Introduction + Why I made this project

https://github.com/Saadkhalid913/CNN_FROM_SCRATCH

I've used convolutional neural networks for image processing in my own personal projects. CNN's are some of the most fascinating advances in machine learning to date, and I've had a lot of fun using them to create interesting models. I've played around with the OpenCV image processing library, using CNN's with pre-trained parameters to detect body movement, apply filters to images, and other interesting tasks. I've also used the Tensorflow library to train and evaluate my own CNN's on image datasets.

One thing that I was missing, however, was an understanding of how CNN's worked on a lower level. I had a decent understanding of the convolution operation, implementing it myself in a web application (link here), but I had no idea how gradients were calculated for convolutional layers. In fact, I didn't have a firm understanding of gradients in general!

I decided it would be a good project to learn about backpropagation in regular, feed-forward neural networks, and then generalize those concepts to a convolutional layer.

Week One: Linear Algebra + Calculus Review

I was a bit out of practice in linear algebra and differential calculus, so it was necessary to review the subjects before I started doing any research. I used Khan Academy as well as MIT Open courseware for this

Week Two: Understanding the Backwards Propagation Step

I had a decent enough knowledge of neural networks, and how they arrived at results given some data. I had implemented forward propagation in a neural network as well, but of course, this is useless without a means to optimize the trainable parameters.

I looked through resources and videos on backward propagation and learned how to calculate the derivatives of loss functions, as well as activation functions.

I had two large gaps in my knowledge however, one was that I didn't understand the purpose of performing a transposition on the inputs during the propagation of the error to the previous layer.
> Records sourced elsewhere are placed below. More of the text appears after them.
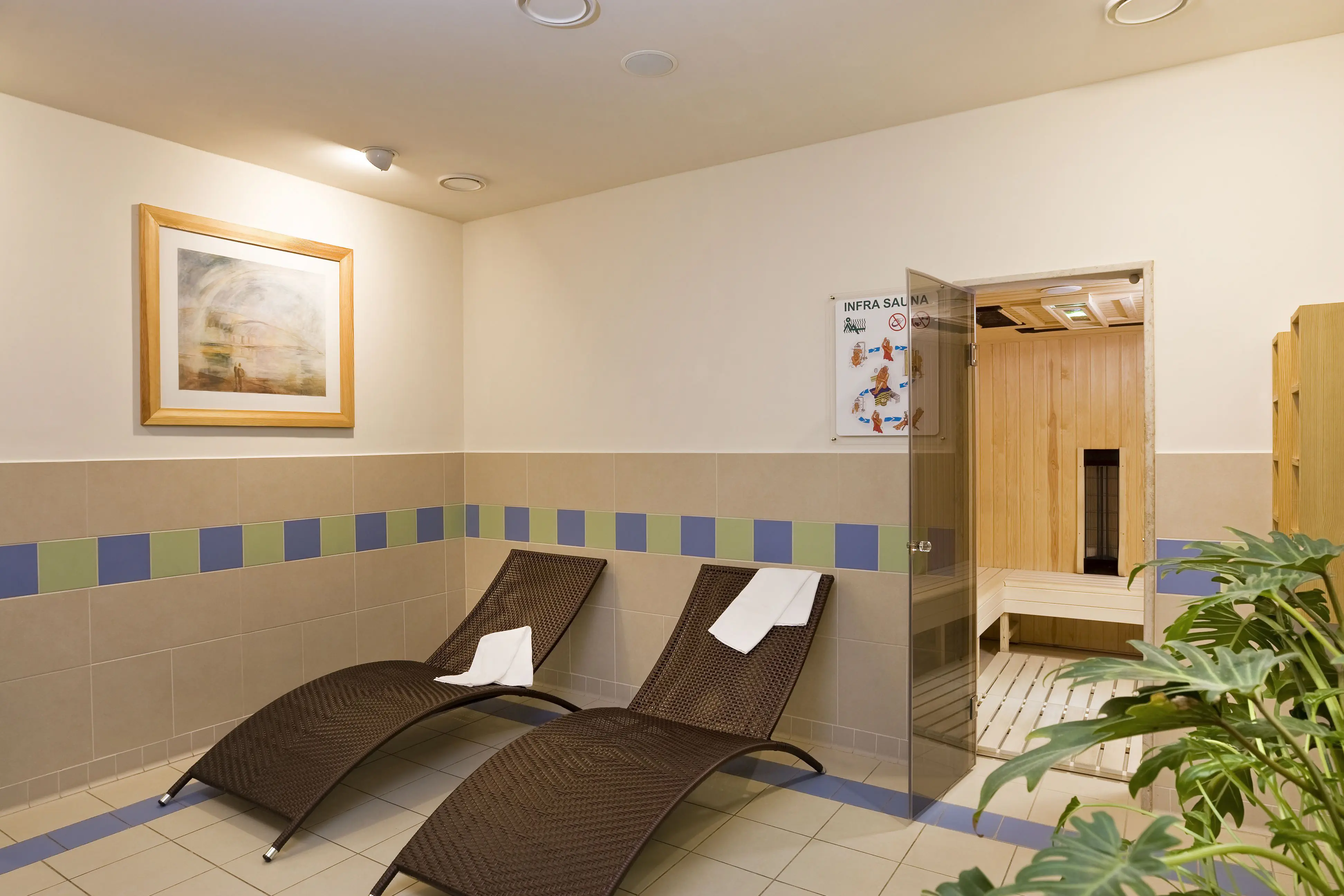 Ensana Thermal Aqua - zdjęcie 24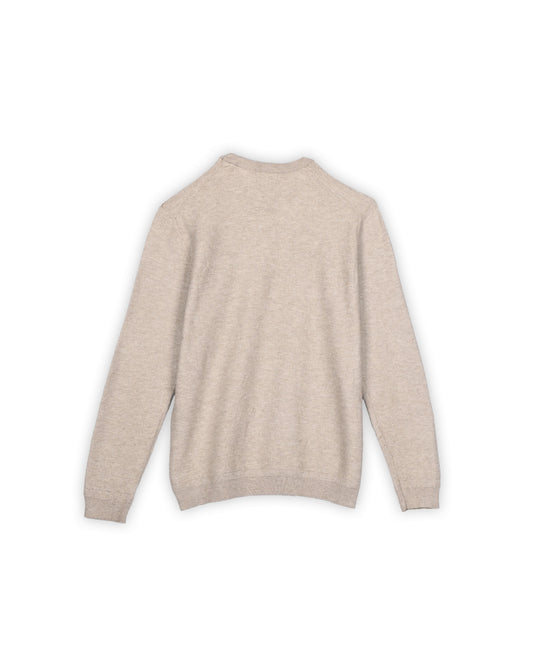 VINTAGE SWEATER - M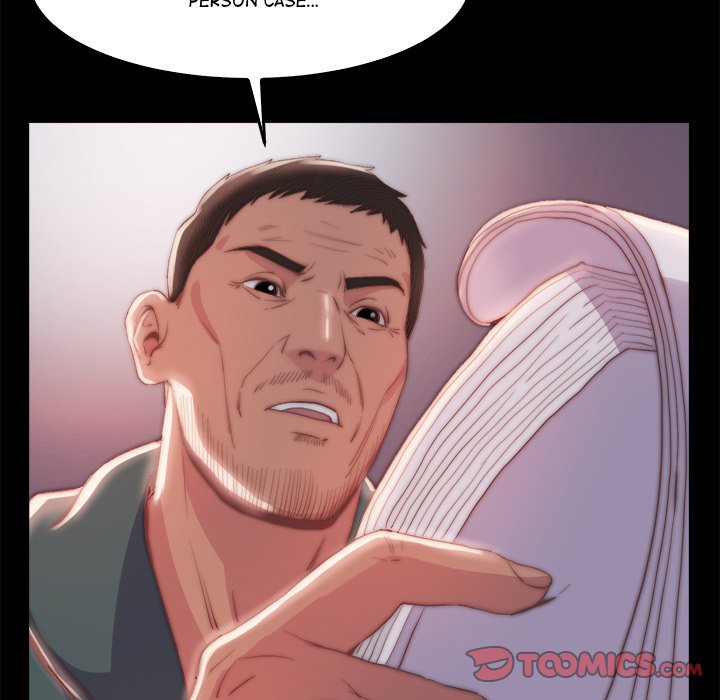 The Lost Girl Chapter 24 - HolyManga.Net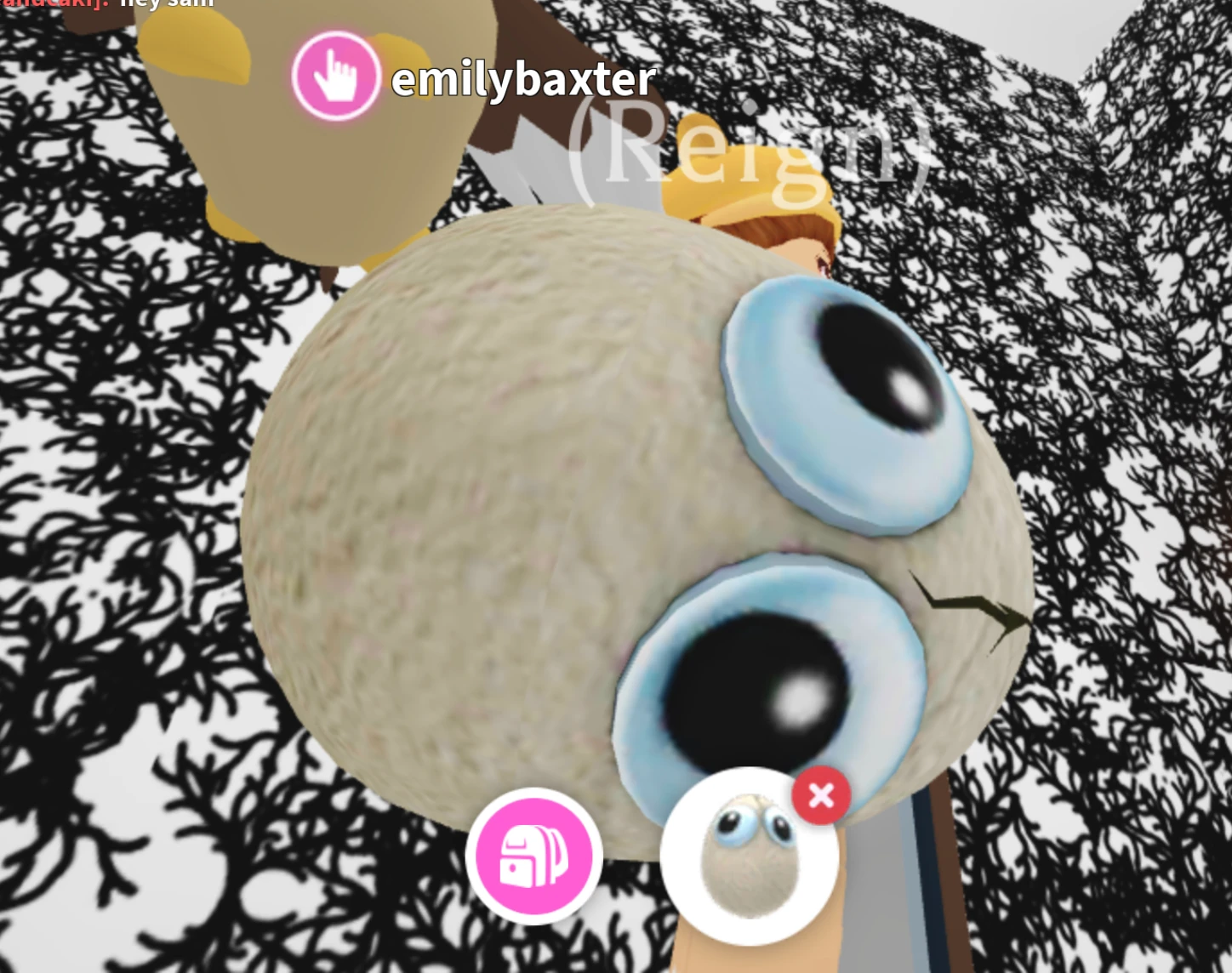 Trading Hugging egg lol Fandom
The second was that I was unsure how to calculate the derivative of a matrix dot product operation.

I gained an understanding of the second gap by performing the calculations by hand (not on an actual dataset of course, but some very small matrices of made-up values). The purpose of the transposition then becomes obvious. It is to reduce the matrix into the shape of the weights of the current layer. I explain this in my video linked below.

I gained an understanding of the first gap in my knowledge by understanding that matrix multiplication can be described as a set of linear equations, for which the derivative can be calculated by using the power rule. This is also explained in my video.